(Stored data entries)
"""

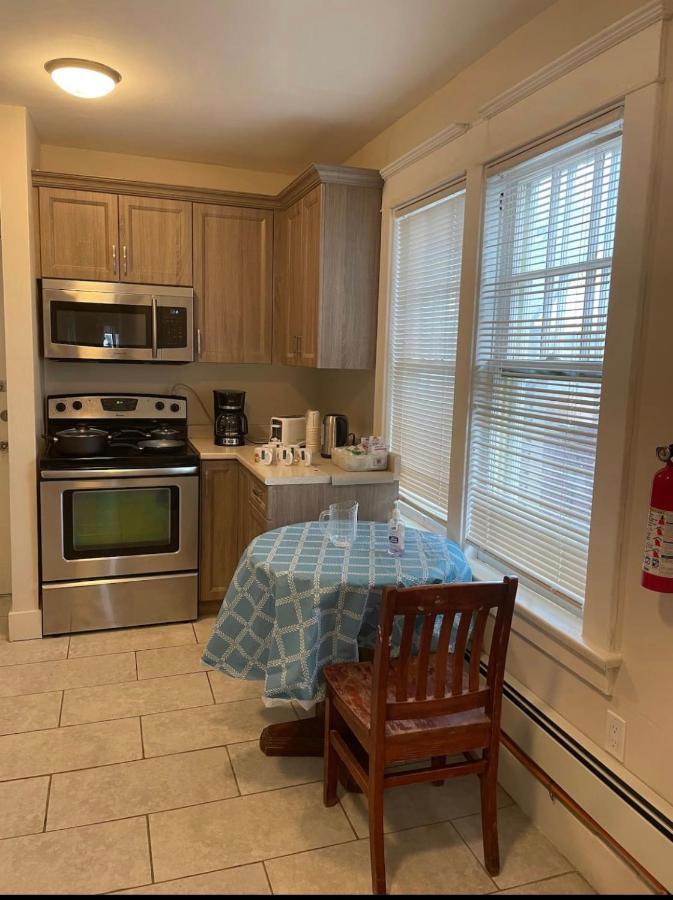 Clifton Hill Getaway: Spacious Kitchen Near Falls & Casino *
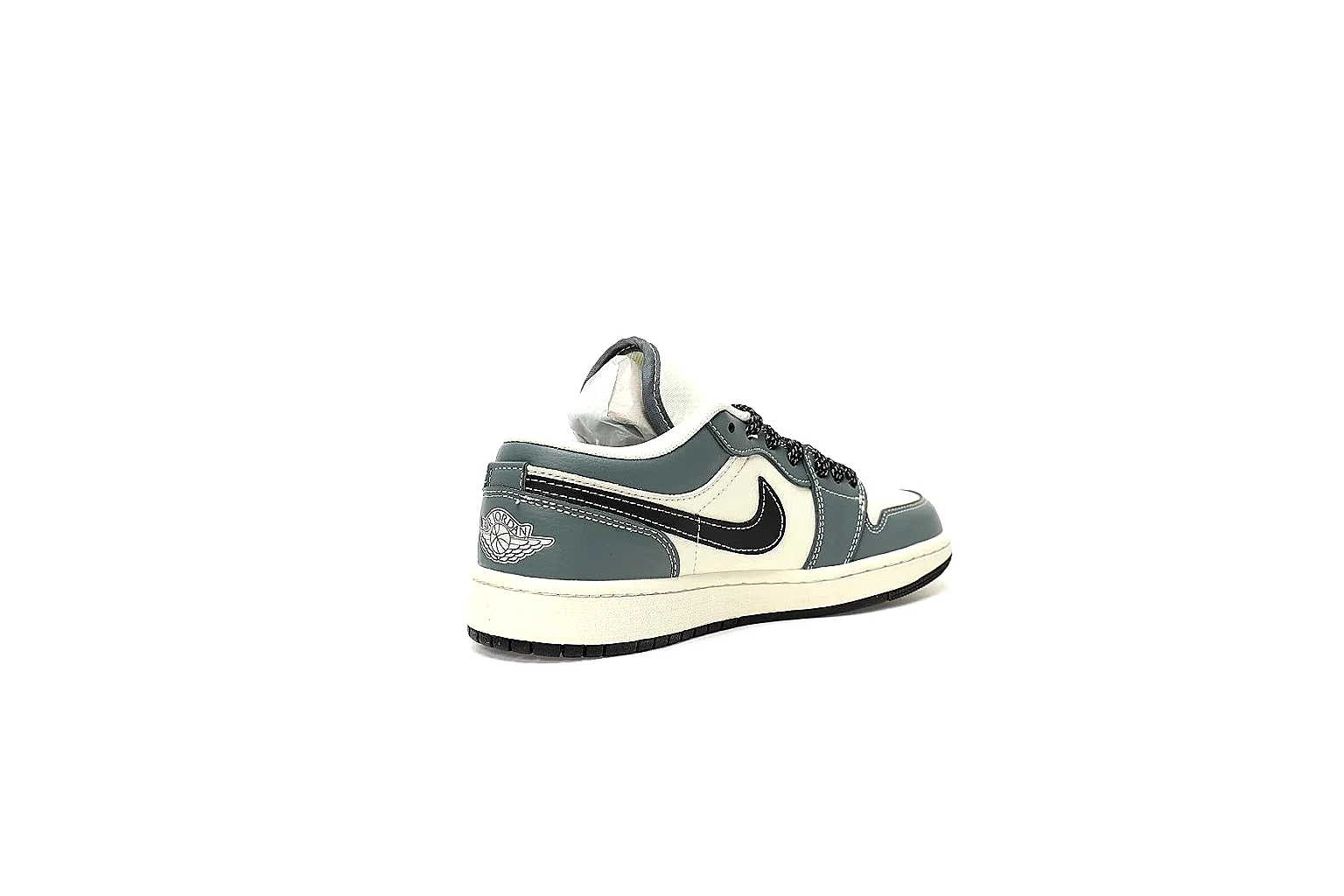 Kako Find List budget photos for Nike Gray Black Low Court thumbnail 3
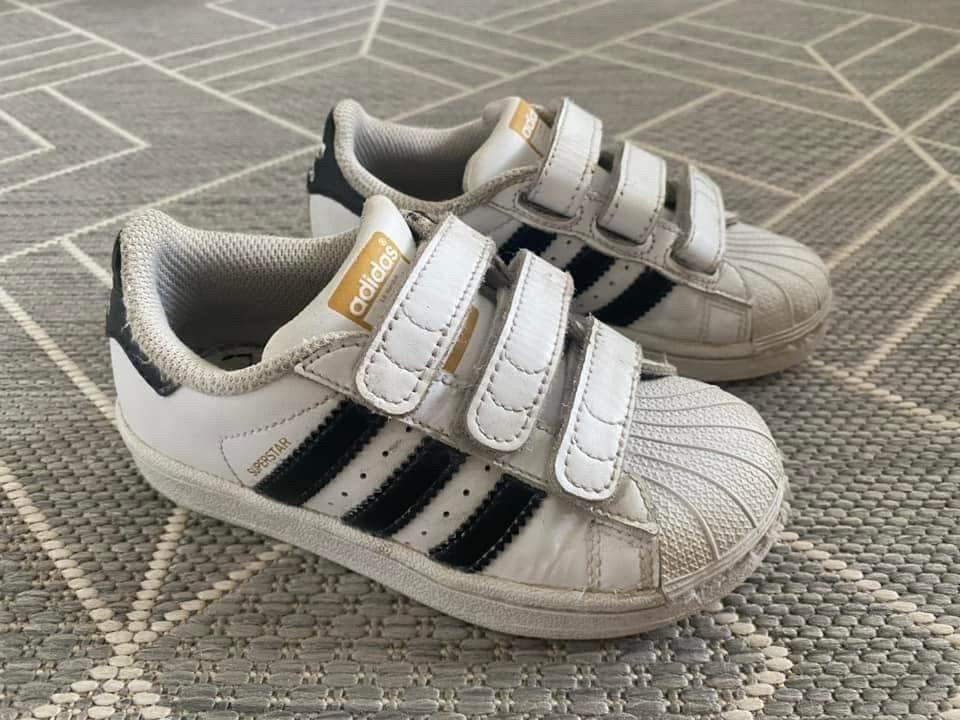 Adidas tennarit koko 28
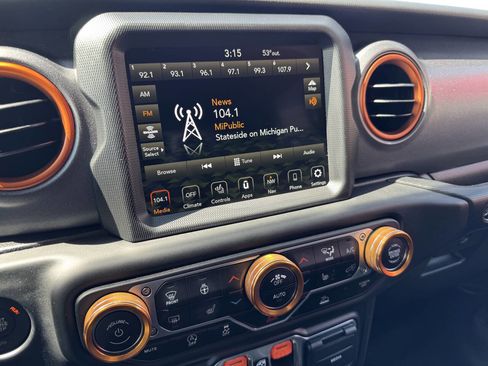 Used 2023 Jeep Gladiator Mojave w/ Cold Weather Group AWD/4WD image 10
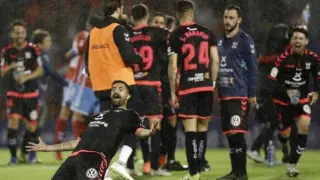 Los jugadores del Tenerife, el pasado martes a las 23.00, celebran por todo lo alto su salvación tras empatar 0-0 en Lugo y conocer sobre el césped del Anxo Carro la derrota del Majadahonda en Oviedo.
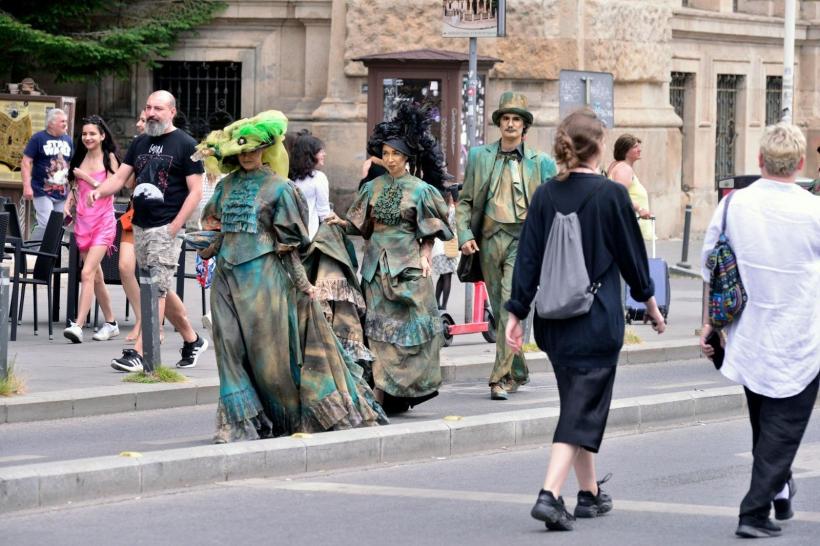 Calea Victoriei și Aleea Circului redevin pietonale în weekendul 17-18 iunie la „Străzi deschise – Bucureşti” 18845256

"""

A faithful copy of all the entries is required, pictures excluded.

◆ **OUTPUT**
 Clifton Hill Getaway: Spacious Kitchen Near Falls & Casino *
 Kako Find List budget photos for Nike Gray Black Low Court thumbnail 3
 Adidas tennarit koko 28
 Used 2023 Jeep Gladiator Mojave w/ Cold Weather Group AWD/4WD image 10
 Los jugadores del Tenerife, el pasado martes a las 23.00, celebran por todo lo alto su salvación tras empatar 0-0 en Lugo y conocer sobre el césped del Anxo Carro la derrota del Majadahonda en Oviedo.
 Calea Victoriei și Aleea Circului redevin pietonale în weekendul 17-18 iunie la „Străzi deschise – Bucureşti” 18845256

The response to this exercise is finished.